+++ Record extracts +++

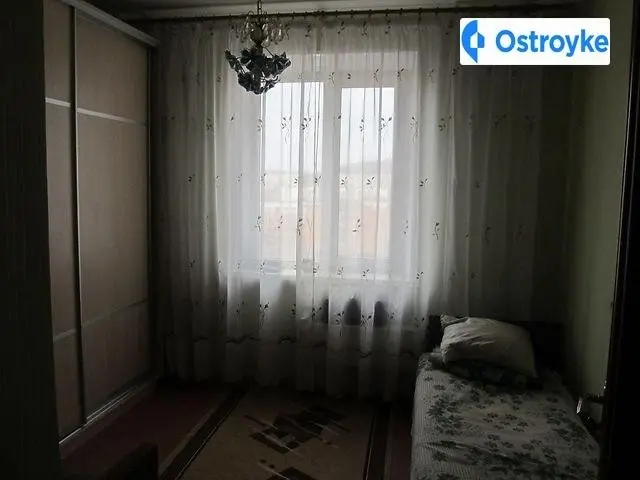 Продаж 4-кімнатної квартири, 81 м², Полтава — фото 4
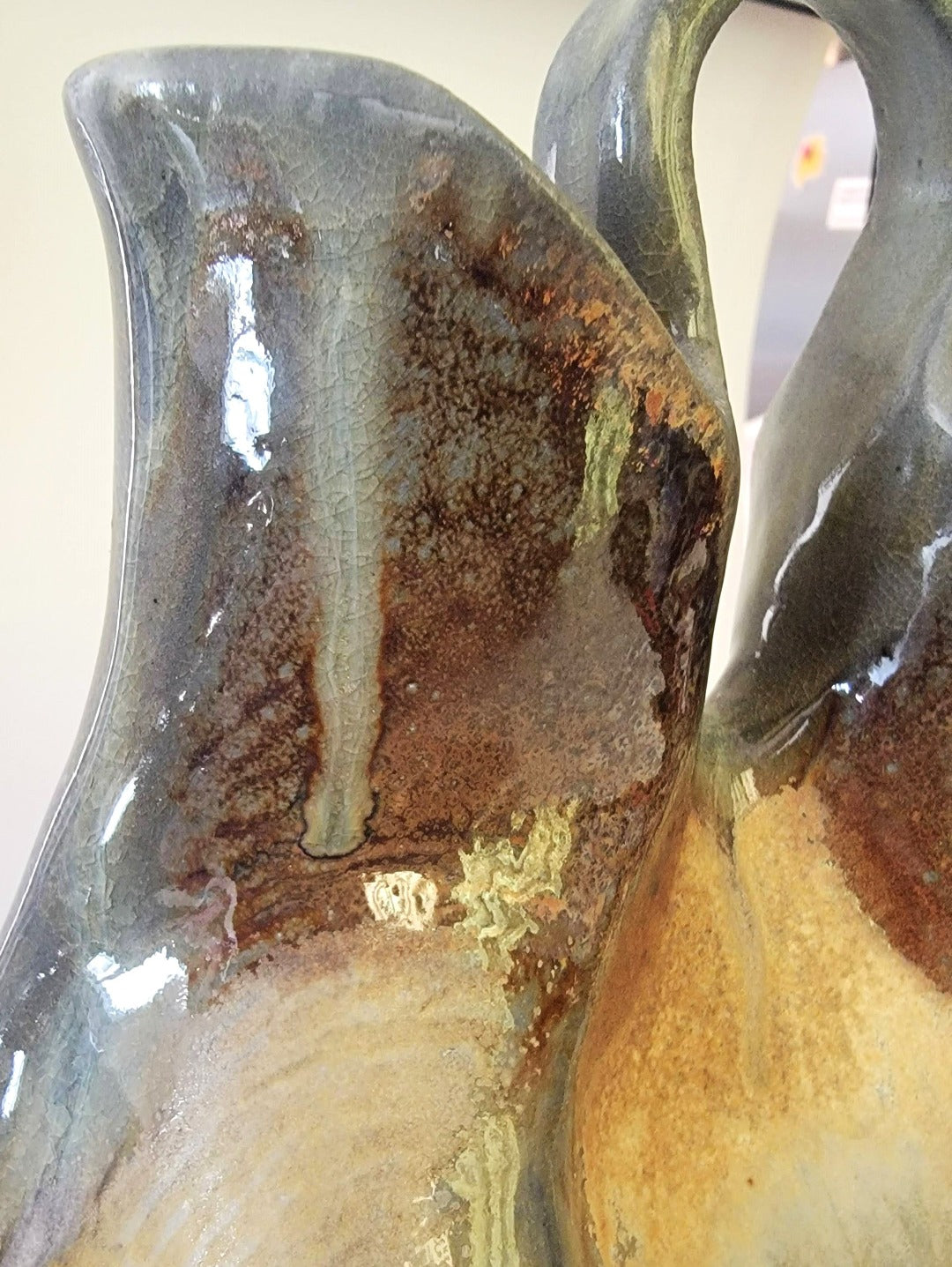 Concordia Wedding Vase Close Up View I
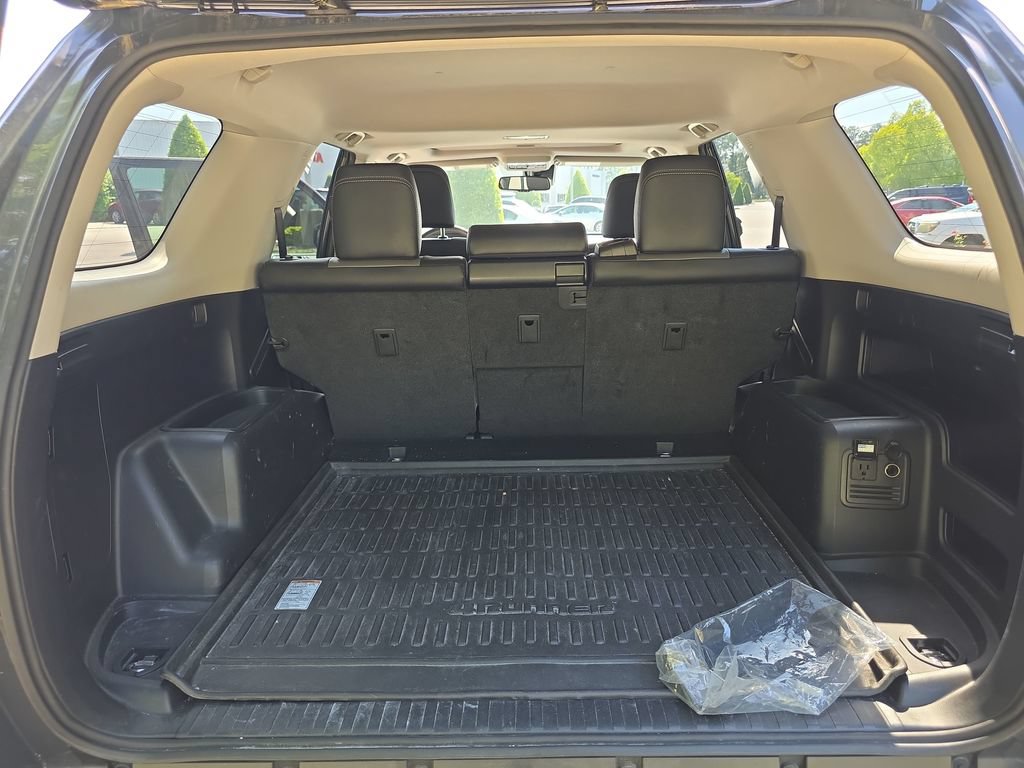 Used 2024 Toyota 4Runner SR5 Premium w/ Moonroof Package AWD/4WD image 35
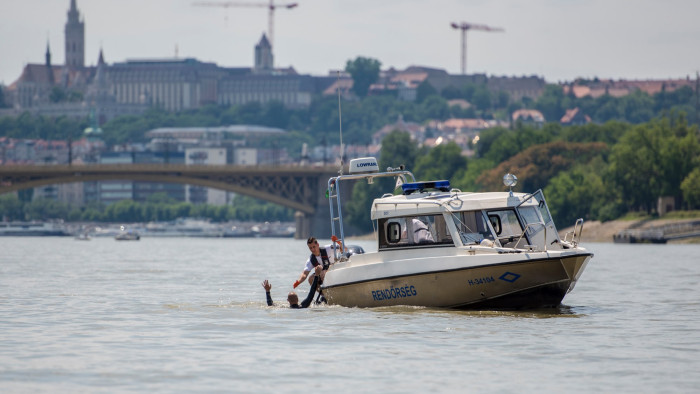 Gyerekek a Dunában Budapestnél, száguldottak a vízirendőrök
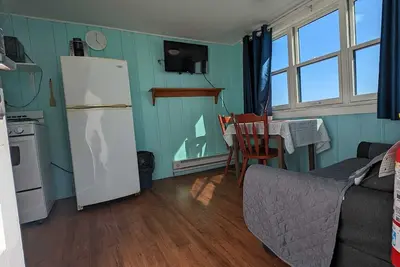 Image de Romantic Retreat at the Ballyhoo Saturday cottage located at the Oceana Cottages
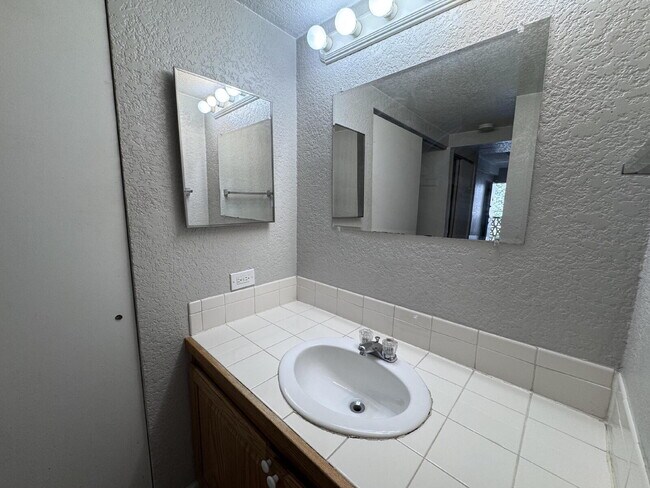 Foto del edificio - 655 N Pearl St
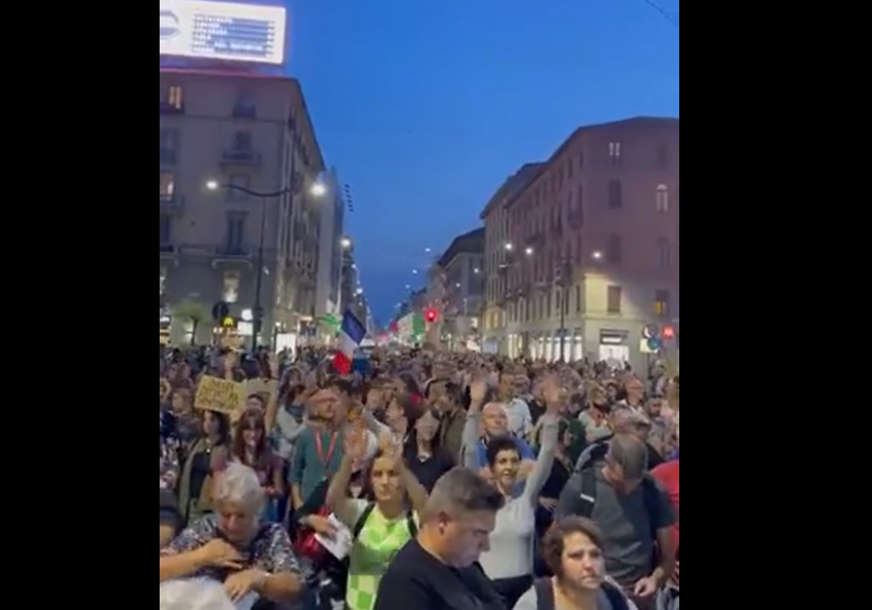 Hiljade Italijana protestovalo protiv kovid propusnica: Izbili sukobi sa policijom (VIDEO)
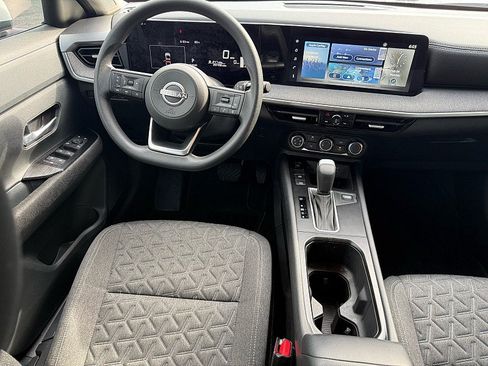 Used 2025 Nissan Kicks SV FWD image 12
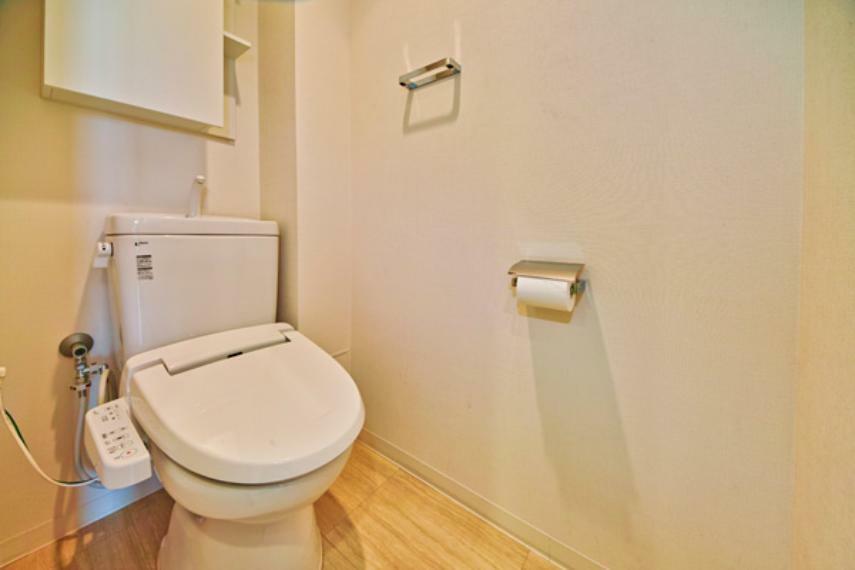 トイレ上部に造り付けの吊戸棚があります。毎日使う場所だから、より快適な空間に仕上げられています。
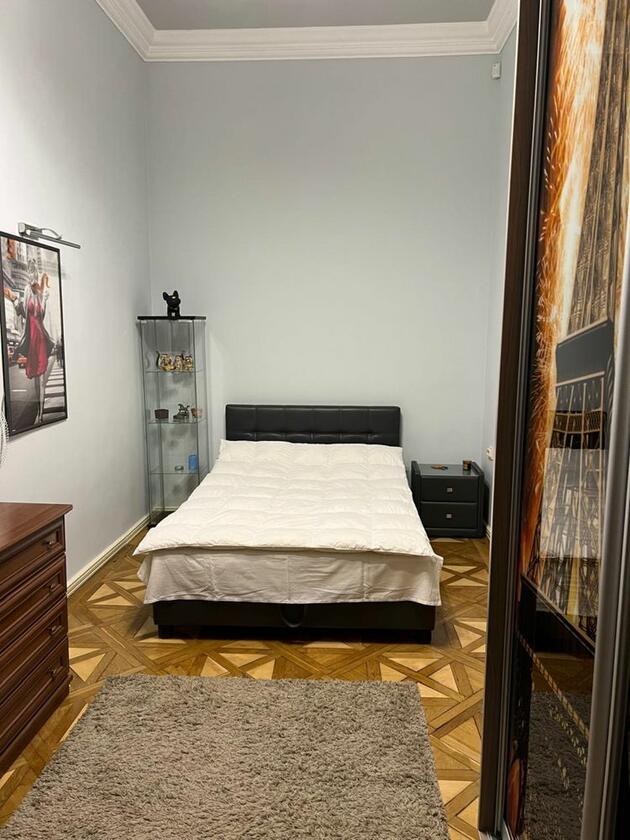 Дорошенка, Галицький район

+++

### What the task asks
Render the data above verbatim and without pictures.

### Response to this task
 Продаж 4-кімнатної квартири, 81 м², Полтава — фото 4
 Concordia Wedding Vase Close Up View I
 Used 2024 Toyota 4Runner SR5 Premium w/ Moonroof Package AWD/4WD image 35
 Gyerekek a Dunában Budapestnél, száguldottak a vízirendőrök
 Image de Romantic Retreat at the Ballyhoo Saturday cottage located at the Oceana Cottages
 Foto del edificio - 655 N Pearl St
 Hiljade Italijana protestovalo protiv kovid propusnica: Izbili sukobi sa policijom (VIDEO)
 Used 2025 Nissan Kicks SV FWD image 12
 トイレ上部に造り付けの吊戸棚があります。毎日使う場所だから、より快適な空間に仕上げられています。
 Дорошенка, Галицький район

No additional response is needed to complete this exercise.